**ASSIGNMENT:**
In the records below, find the line containing "Fluide, méandres, impression" and the line containing "Pinzas Personalizadas de"; please repeat exactly the lines from one to the other, both included, and nothing more.

(Short text fragments from websites)
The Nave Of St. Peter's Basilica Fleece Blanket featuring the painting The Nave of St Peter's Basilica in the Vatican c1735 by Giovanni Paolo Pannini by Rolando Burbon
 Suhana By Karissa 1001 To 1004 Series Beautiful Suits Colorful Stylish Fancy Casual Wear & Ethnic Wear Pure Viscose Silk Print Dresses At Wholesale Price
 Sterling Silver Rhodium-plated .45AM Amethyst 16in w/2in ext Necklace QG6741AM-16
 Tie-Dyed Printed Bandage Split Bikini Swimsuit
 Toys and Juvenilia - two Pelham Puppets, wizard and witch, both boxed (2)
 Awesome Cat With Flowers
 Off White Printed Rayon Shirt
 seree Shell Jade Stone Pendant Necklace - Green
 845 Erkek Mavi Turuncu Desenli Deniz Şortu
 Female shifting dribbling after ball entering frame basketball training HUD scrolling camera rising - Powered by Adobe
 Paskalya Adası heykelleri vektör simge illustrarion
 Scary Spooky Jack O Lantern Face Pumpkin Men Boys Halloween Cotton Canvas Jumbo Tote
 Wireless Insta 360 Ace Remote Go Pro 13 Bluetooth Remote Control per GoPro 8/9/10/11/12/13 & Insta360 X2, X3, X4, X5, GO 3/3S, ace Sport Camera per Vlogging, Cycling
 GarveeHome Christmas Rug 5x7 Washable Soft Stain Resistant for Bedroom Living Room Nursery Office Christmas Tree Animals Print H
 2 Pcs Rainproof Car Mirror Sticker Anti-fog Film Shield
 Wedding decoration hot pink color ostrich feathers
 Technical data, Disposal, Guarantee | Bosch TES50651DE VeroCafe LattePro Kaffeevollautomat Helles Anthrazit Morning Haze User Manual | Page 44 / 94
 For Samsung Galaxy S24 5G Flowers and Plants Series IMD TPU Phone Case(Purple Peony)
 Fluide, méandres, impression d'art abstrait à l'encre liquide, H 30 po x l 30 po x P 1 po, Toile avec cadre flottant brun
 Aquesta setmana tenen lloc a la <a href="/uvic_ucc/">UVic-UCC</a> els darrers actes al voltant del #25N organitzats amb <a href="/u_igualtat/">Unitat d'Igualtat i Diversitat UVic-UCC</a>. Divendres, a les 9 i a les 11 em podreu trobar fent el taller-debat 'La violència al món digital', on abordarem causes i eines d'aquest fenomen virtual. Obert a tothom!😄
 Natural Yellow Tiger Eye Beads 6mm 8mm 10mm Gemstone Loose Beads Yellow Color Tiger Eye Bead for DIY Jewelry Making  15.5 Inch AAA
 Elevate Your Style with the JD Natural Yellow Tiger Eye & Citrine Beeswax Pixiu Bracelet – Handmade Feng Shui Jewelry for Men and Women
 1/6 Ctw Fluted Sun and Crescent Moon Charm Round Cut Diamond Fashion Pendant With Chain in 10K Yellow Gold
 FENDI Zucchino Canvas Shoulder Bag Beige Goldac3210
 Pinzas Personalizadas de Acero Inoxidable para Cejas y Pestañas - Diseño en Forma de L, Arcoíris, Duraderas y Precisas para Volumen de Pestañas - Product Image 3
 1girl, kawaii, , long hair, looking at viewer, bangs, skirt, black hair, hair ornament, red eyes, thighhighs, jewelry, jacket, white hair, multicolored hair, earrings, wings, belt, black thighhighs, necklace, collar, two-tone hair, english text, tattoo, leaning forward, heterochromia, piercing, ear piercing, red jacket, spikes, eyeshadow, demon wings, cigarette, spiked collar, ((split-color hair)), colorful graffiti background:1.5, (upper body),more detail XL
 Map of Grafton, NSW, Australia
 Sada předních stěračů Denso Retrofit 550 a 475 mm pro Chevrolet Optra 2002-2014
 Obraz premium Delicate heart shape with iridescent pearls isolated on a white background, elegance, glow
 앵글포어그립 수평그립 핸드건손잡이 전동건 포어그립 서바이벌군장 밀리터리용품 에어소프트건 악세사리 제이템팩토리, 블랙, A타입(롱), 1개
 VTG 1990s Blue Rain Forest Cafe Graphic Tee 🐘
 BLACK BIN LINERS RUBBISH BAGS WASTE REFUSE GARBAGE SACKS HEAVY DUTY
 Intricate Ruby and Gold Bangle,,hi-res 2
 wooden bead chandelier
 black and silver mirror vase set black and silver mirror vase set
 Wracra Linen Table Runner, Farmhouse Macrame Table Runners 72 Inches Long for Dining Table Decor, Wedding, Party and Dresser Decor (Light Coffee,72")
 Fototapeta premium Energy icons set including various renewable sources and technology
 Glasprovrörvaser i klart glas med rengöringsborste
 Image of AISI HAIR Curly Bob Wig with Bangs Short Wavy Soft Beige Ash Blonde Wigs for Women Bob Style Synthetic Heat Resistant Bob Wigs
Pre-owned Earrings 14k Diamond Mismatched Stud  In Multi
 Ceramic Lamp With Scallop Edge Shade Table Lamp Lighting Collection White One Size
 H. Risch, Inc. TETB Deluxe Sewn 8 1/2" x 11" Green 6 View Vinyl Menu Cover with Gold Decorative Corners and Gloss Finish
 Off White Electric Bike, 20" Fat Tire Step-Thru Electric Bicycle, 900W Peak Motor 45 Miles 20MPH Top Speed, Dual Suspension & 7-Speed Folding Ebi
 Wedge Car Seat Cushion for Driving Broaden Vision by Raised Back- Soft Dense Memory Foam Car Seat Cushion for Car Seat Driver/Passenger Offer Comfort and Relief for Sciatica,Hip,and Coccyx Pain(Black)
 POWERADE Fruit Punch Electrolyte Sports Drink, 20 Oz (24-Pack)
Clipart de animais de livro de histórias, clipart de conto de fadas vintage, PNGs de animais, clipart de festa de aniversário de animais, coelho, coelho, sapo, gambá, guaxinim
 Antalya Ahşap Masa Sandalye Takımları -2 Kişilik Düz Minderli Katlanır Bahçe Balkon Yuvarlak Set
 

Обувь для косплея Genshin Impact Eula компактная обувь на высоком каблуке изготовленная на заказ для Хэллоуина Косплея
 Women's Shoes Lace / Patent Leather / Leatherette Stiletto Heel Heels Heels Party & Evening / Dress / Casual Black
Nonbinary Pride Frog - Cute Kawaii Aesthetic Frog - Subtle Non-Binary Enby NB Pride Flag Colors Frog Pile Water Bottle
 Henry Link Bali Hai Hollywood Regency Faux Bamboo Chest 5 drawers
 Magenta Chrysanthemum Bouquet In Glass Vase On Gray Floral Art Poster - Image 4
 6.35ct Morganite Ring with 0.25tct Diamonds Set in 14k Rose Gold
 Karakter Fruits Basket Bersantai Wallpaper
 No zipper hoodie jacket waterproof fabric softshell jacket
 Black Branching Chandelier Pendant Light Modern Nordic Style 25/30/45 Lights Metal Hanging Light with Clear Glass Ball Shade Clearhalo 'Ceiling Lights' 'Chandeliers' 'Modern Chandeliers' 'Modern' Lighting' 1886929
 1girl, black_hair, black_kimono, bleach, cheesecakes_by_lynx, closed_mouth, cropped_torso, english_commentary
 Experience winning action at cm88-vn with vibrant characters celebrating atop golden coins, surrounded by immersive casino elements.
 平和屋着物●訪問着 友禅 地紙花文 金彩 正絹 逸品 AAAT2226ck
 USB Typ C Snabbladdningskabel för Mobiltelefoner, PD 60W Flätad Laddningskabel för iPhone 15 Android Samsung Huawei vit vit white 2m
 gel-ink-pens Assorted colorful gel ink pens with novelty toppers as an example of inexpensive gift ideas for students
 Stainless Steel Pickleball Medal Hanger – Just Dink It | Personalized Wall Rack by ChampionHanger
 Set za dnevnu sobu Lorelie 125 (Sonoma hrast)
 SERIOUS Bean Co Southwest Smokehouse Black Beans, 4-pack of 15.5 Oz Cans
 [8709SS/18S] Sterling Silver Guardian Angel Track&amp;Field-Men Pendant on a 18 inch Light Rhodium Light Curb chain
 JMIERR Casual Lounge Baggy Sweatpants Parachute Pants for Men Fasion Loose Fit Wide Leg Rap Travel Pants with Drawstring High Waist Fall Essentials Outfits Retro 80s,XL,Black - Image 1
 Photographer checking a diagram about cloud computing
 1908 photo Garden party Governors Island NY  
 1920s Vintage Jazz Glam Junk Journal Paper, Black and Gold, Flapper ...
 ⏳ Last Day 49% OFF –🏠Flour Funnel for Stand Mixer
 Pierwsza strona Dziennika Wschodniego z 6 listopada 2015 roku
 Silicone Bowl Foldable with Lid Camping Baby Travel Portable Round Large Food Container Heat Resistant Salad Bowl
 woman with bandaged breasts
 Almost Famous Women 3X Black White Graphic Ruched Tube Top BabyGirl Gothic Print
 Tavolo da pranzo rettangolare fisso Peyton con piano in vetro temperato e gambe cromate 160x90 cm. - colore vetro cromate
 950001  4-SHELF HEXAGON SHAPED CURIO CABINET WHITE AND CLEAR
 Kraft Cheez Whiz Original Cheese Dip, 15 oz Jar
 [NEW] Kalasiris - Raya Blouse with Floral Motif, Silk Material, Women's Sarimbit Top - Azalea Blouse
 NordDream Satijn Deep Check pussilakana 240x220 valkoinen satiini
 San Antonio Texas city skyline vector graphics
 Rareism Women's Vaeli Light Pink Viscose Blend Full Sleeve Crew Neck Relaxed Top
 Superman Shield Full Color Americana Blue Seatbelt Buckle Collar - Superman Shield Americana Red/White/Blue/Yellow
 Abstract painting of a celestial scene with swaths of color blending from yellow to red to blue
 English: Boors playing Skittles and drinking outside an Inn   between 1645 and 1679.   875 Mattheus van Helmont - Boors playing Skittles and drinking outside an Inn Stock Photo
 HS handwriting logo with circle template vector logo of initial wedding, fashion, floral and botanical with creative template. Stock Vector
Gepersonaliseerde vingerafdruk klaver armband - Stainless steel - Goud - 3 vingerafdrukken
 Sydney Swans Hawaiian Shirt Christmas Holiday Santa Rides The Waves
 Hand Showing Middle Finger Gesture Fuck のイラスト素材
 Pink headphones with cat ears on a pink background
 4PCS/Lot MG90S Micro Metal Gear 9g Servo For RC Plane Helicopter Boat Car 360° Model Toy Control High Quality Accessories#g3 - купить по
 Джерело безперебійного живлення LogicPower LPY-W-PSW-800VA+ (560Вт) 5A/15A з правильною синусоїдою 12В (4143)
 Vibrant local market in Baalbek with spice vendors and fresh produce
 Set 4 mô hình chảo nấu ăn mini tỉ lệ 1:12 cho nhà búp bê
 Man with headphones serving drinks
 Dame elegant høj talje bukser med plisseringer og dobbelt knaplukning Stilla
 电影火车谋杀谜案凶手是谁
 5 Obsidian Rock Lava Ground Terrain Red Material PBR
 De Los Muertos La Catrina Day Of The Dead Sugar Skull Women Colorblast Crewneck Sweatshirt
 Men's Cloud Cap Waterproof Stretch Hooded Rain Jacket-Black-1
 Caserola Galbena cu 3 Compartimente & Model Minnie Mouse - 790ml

**ANSWER SPACE:**
 Fluide, méandres, impression d'art abstrait à l'encre liquide, H 30 po x l 30 po x P 1 po, Toile avec cadre flottant brun
 Aquesta setmana tenen lloc a la <a href="/uvic_ucc/">UVic-UCC</a> els darrers actes al voltant del #25N organitzats amb <a href="/u_igualtat/">Unitat d'Igualtat i Diversitat UVic-UCC</a>. Divendres, a les 9 i a les 11 em podreu trobar fent el taller-debat 'La violència al món digital', on abordarem causes i eines d'aquest fenomen virtual. Obert a tothom!😄
 Natural Yellow Tiger Eye Beads 6mm 8mm 10mm Gemstone Loose Beads Yellow Color Tiger Eye Bead for DIY Jewelry Making  15.5 Inch AAA
 Elevate Your Style with the JD Natural Yellow Tiger Eye & Citrine Beeswax Pixiu Bracelet – Handmade Feng Shui Jewelry for Men and Women
 1/6 Ctw Fluted Sun and Crescent Moon Charm Round Cut Diamond Fashion Pendant With Chain in 10K Yellow Gold
 FENDI Zucchino Canvas Shoulder Bag Beige Goldac3210
 Pinzas Personalizadas de Acero Inoxidable para Cejas y Pestañas - Diseño en Forma de L, Arcoíris, Duraderas y Precisas para Volumen de Pestañas - Product Image 3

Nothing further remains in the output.